Municipal Debt Discipline
Advisors Asset Management
By Tom Dalpiaz
October 18, 2012
The strong demand for municipal bonds has been a constant throughout 2012. That demand was a major factor forcing municipal bond yields lower by the end of the third quarter in spite of an increase in new issue supply compared to last year.
The September through December period usually sees a healthy increase in new municipal (muni) bond issuance and September of this year confirmed the beginning of that pattern. Given this seasonal increase in supply, it is not unusual, in any given year, to expect some backup in municipal bond yields throughout the fall period. The ongoing robust demand for municipals has confounded that usual expectation. Money flows into muni bond funds have been strong and new municipal bond deals have been generally well received. A number of new deals have been oversubscribed and re-priced at smaller spreads than the comparatively modest spreads contained in original pricing thoughts.
Our commentary last quarter suggested the likelihood of ongoing strong demand for municipal bonds and the reasons behind it. We believe the forces supporting the healthy desire for munis are not fully spent. Nominal muni yields are low but they continue to make sense for income-oriented conservative investors given the alternatives. The desire to invest in an asset class with generally modest volatility expectations compared to others, the possibility of higher taxes down the road, and nervousness about equities are additional forces supporting muni demand.
On the supply side, new issue volume is comfortably above last year’s very low levels but contains mostly refunding issues replacing existing high-cost debt. The small amount of bond issuance designed for new projects is still restrained enough to result in a net reduction of municipal bonds outstanding. Some projections suggest this trend could continue next year as issuers continue improving their fiscal standing by constraining new money debt issuance among other measures.
The upcoming election, the possible fiscal cliff/sequestration issues of year-end, and major tax reform are topics of increasing interest for municipal bond investors. Those complex topics all deal with deeply held convictions and the unpredictable political process. Who wins the presidency is of course important but the makeup of the next Congress (will one party control both houses?) is an equally important factor to consider when imagining future public policy. Bottom line, we suggest it is unwise now to re-arrange an investment grade, intermediate maturity municipal bond portfolio in anticipation of any particular possible outcome in the political arena. Muni issuers will continue to issue bonds to finance important long term projects and investors will still seek an appropriate place to garner attractive income in a comparatively conservative investment.

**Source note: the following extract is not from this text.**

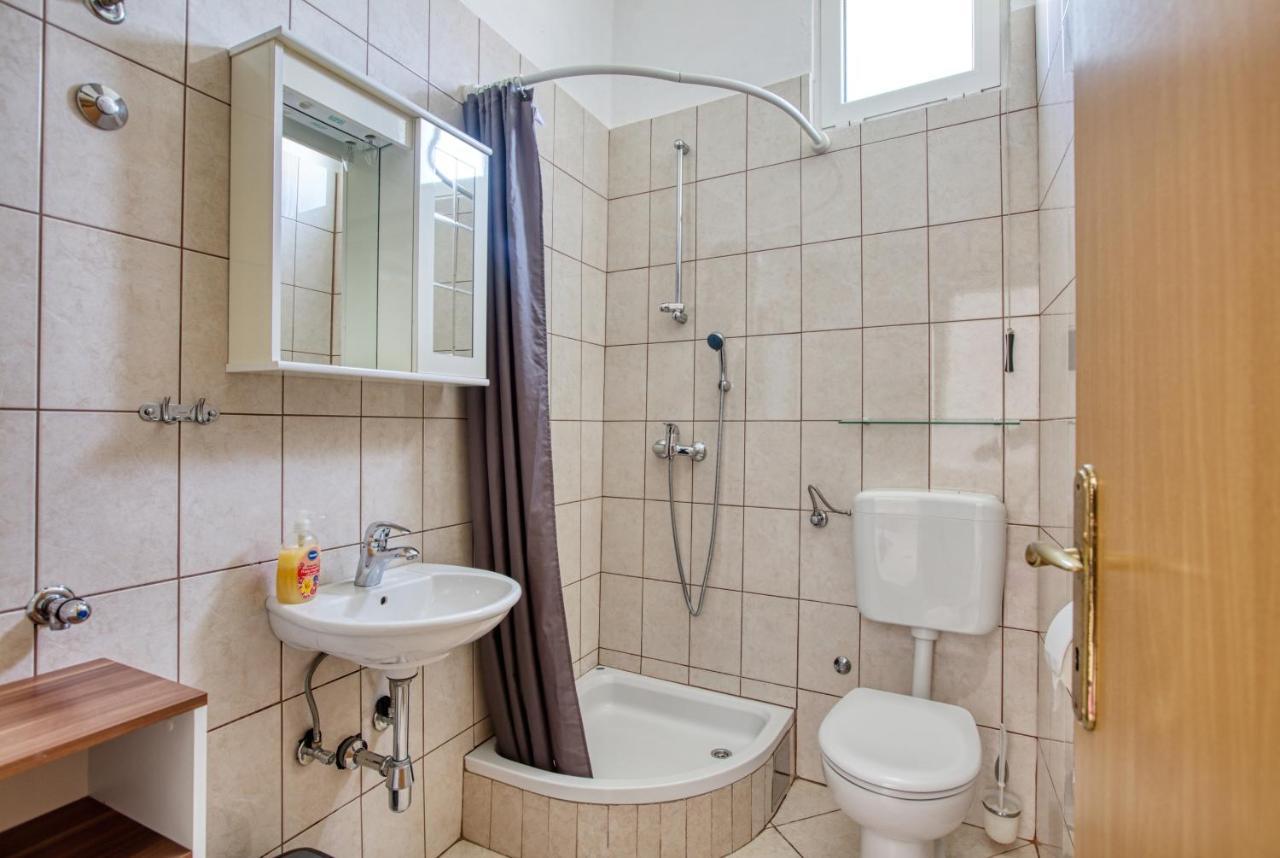 Family Friendly Seaside Apartments Brodarica, Sibenik - 4833 Brodarica  Eksteriør bilde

Regarding tax reform and the municipal bond exemption, we suggest two broad possibilities. Existing municipal bonds could be grandfathered (with no negative impact to existing munis) or changes will affect both existing and future municipal bonds. The size of the adjustment to all municipal bond values if there is no grandfathering will depend on the relationship of municipal bond yields to U.S. Treasury bond yields at the time and the bond maturities in an investor’s portfolio. We believe a short/intermediate bond portfolio is likely to realize a more muted one-time shift in values than a longer portfolio. Our best judgment now tells us that these worst case scenarios are unlikely to materialize within the next year. In the past, the issues of major tax reform or major changes to the muni exemption have been too complex and divisive to count on their arrival in such a short period of time.
We continue to suggest a bond journey that includes a value-oriented, investment grade, short/intermediate approach to the municipal bond market. We believe this approach has weathered the storm of the past five years in reasonable fashion and we remain comfortable with its ability to deal with future challenges in the municipal bond market.